Auftakt mit «african feeling»

Beschwingte Töne und eindrückliche Worte hallten am Samstag durch die Obere Kirche in Bad Zurzach. Dort ist 14 Tage lang zu sehen und zu lesen, was die Schweizerischen Gemeinnützigen Frauen seit weit über 100 Jahren leisten.

Rosmarie Mehlin

«Es ist nicht einfach nur Zeitvertreib, sondern das Wahrnehmen einer Grundverantwortung als Bürger», brachte Irene Leuenberger auf den Punkt, was hinter der Wanderausstellung «wir.mittendrin» steckt.

Die Ehrenpräsidentin des Aargauer Gemeinnützigen Frauenvereins hatte - auch als Ehrenmitglied der Sektion Bad Zurzach - dem Flecken anlässlich der Vernissage die Ehre erwiesen.
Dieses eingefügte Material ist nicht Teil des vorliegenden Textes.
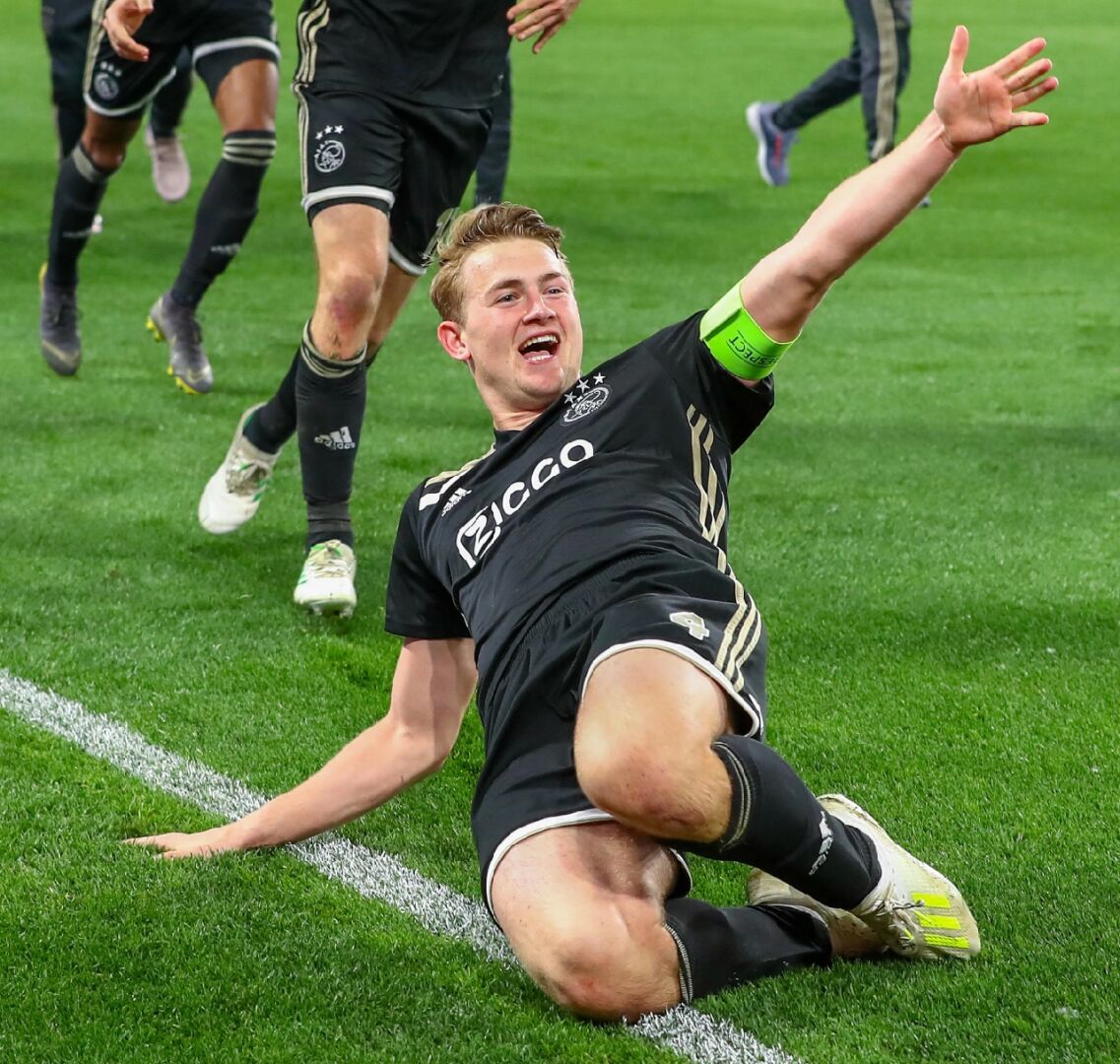 阿贾克斯惊险获胜，淘汰尤文图斯晋级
Die Ausstellung, die von 2008 bis 2012 durch das Land tourt, wurde anlässlich des 120-Jahr-Jubiläums des Dachverbandes Schweizerischer Gemeinnütziger Frauen konzipiert.
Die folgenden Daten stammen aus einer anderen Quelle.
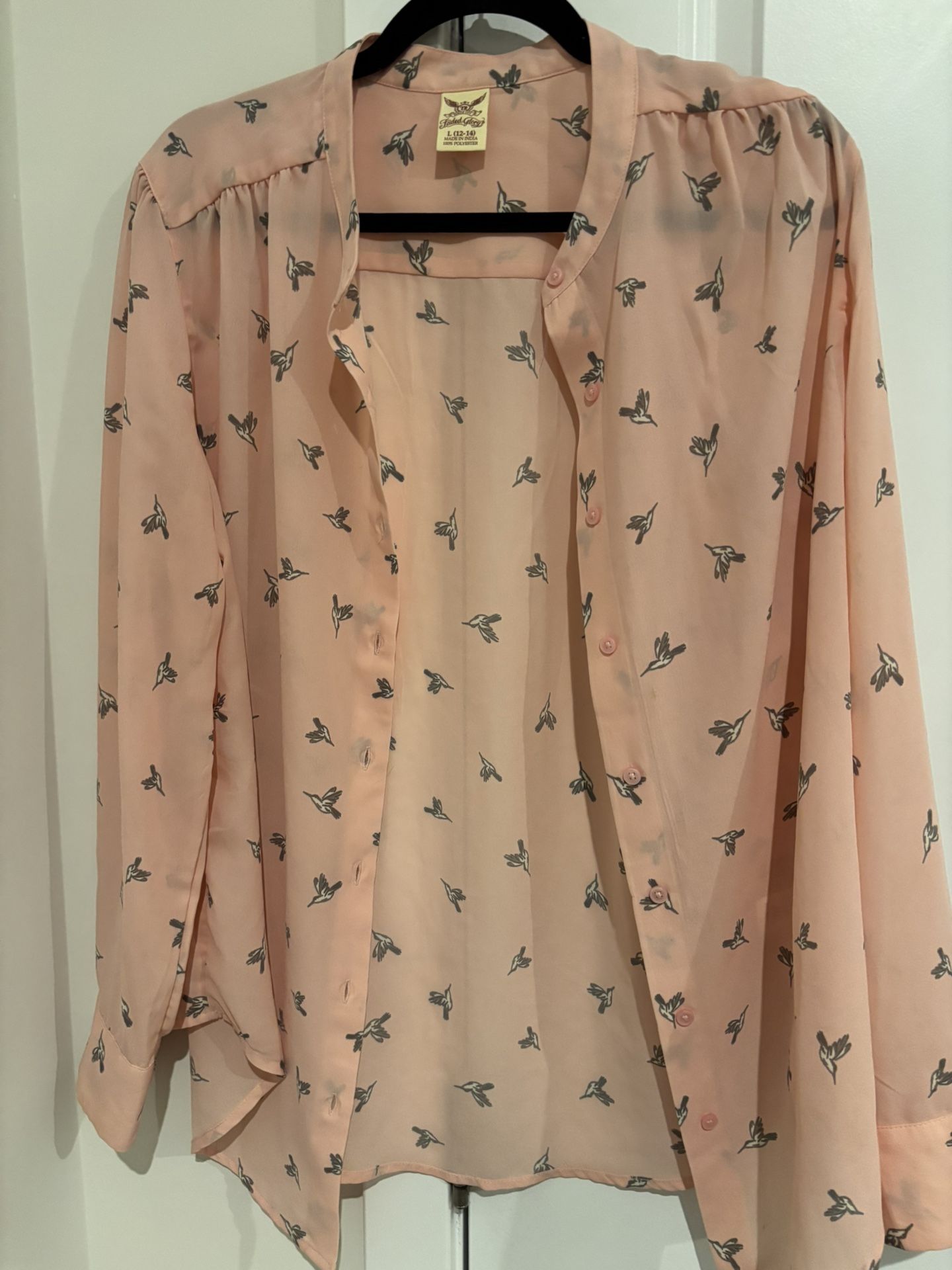 Nice business casual or any occasion blouse size large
«Für Fortschritt, Wohlergehen, sozialen Frieden und Kultur»

Auf Tafeln werden sich Fotos von einst und jetzt gegenübergestellt und wird beschrieben, womit damals begonnen wurde und welche Aufgaben die Freiwilligen heute wahrnehmen, «für Fortschritt, Wohlergehen, sozialen Frieden und Kultur».
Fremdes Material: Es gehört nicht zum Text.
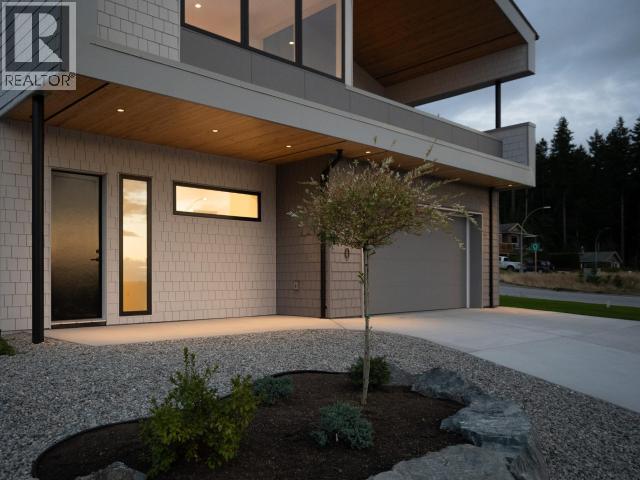 3900 EAGLE RIDGE PLACE, Powell River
Das reicht von Lehrlingsausbildung über Seniorenbetreuung bis zu Brockenstuben, deren Erlös für gute Zwecke verwendet wird. «Wir packen dort an, wo der Staat es nicht tut - unkompliziert, unbürokratisch, mit Sachkompetenz und Herz. Freiwilligenarbeit ist so wichtig, dass sie im wahrsten Sinne des Wortes unbezahlbar ist», schloss Leuenberger.

Ammann Franz Nebel hatte die Grüsse des Gemeinderates überbracht und die Gemeinnützigen Frauen von Bad Zurzach angeregt, wenn irgend möglich vermehrt Ausländerinnen und Jugendliche zu integrieren. «Weil in dem Verein die Sensibilität für Schwächere gefördert, Anstand gelehrt und der Sinn für Freiwilligkeit geweckt werden.»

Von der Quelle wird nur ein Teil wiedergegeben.